Replace the tokens "MA" and "NY" with "Massachusetts" and ["New" "York"] respectively. If the n-grams have different lengths, you must pad the rows with the empty string "". In this case, you must pad "Massachusetts" with a single empty string "".

oldNgrams = [
    "MA"
    "NY"];
newNgrams = [
    "Massachusetts" ""
    "New" "York"];
documents = replaceNgrams(documents,oldNgrams,newNgrams)
documents = 
  2x1 tokenizedDocument:

    6 tokens: Currently in Cambridge , Massachusetts .
    6 tokens: Next stop , New York !

Input Arguments

collapse all

Input documents, specified as a tokenizedDocument array.

N-grams to replace, specified as a string array, character vector, or a cell array of character vectors.

If oldNgrams is a string array or cell array, then it has size NumNgrams-by-maxN , where NumNgrams is the number of n-grams, and maxN is the length of the largest n-gram. If oldNgrams is a character vector, then it represents a single word (unigram).

The value of oldNgrams(i,j) is the jth word of the ith n-gram. If the number of words in the ith n-gram is less than maxN, then the remaining entries of the ith row of oldNgrams must be padded with the empty string "".
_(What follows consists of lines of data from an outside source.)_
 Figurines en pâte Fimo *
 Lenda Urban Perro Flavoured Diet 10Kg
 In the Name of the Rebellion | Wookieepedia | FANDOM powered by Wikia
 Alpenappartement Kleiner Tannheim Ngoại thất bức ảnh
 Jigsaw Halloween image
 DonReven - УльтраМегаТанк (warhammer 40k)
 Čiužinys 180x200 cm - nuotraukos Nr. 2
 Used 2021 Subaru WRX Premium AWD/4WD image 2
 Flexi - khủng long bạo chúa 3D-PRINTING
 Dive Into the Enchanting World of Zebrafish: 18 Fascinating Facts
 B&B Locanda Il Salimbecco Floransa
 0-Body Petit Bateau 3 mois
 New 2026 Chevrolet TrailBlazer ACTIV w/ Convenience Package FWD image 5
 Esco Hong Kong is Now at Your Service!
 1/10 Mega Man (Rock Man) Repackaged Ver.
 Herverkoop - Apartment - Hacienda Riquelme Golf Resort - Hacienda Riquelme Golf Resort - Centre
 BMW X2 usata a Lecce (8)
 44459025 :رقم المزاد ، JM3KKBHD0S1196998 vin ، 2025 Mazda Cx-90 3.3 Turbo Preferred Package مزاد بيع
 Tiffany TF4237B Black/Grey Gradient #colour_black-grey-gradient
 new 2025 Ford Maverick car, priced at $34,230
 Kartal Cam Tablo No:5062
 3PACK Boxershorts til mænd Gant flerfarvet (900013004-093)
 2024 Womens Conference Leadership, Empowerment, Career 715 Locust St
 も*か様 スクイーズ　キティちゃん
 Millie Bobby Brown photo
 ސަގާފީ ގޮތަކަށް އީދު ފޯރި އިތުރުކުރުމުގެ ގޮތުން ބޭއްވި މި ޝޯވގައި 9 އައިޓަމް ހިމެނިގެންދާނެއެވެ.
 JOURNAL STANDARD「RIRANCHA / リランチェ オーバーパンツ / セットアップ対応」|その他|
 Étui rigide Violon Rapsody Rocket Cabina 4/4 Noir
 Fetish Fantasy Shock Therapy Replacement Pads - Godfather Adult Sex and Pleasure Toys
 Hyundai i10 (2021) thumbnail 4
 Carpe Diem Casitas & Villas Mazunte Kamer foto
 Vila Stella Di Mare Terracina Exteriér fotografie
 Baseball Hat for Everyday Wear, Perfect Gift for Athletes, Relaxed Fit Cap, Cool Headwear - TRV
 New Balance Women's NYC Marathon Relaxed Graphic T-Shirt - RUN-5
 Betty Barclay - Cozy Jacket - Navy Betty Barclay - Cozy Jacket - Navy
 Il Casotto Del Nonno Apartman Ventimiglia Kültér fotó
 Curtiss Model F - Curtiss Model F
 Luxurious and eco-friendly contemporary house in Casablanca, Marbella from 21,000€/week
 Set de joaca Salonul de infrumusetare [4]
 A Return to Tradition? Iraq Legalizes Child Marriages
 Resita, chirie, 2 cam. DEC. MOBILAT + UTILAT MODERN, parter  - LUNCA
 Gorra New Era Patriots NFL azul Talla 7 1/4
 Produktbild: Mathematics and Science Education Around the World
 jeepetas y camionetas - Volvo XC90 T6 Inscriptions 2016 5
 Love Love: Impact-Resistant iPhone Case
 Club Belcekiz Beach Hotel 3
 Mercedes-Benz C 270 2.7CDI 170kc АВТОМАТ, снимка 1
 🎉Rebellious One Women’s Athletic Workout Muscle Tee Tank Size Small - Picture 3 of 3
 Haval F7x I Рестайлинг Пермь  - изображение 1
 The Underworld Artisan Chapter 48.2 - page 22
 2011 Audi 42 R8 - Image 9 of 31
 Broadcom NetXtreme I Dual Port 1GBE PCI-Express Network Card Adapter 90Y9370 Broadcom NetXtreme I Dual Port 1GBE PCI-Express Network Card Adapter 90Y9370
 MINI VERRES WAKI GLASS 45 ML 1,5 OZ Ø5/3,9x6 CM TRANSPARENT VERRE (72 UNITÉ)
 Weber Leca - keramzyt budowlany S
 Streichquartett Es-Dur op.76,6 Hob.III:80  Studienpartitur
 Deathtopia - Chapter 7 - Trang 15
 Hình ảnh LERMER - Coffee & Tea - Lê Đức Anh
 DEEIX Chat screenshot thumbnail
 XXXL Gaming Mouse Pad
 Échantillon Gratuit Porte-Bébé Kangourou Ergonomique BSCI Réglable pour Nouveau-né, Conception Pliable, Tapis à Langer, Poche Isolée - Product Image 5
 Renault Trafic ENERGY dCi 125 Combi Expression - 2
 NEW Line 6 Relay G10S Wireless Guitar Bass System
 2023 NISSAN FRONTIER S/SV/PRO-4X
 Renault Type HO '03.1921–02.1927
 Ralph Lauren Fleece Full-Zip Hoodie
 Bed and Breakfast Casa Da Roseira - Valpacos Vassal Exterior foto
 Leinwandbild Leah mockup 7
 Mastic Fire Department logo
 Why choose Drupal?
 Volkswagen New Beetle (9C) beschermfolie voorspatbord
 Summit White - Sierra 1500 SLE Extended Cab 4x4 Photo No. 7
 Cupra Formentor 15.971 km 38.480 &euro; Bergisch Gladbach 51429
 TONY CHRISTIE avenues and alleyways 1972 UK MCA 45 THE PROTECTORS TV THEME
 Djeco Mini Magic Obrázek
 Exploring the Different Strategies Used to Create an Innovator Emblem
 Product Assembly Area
For example, to specify both the unigram "Massachusetts", and the bigram ["New" "York"], specify the 2-by-2 string array ["Massachusetts" ""; "New" "York"], where "Massachusetts" is padded with a single empty string "".

Data Types: string | char | cell

New n-grams, specified as a string array, character vector, or a cell array of character vectors.

If newNgrams is a string array or cell array, then it has size NumNgrams-by-maxN , where NumNgrams is the number of n-grams, and maxN is the length of the largest n-gram. If newNgrams is a character vector, then it represents a single word (unigram).

The value of newNgrams(i,j) is the jth word of the ith n-gram. If the number of words in the ith n-gram is less than maxN, then the remaining entries of the ith row of newNgrams are empty.

newNgrams must have one row, or the same number of rows as oldNgrams.

For example, to specify both the unigram "Massachusetts", and the bigram ["New" "York"], specify the 2-by-2 string array ["Massachusetts" ""; "New" "York"], where "Massachusetts" is padded with a single empty string "".

Data Types: string | char | cell

Output Arguments

collapse all

Output documents, returned as a tokenizedDocument array.

Version History

Introduced in R2019a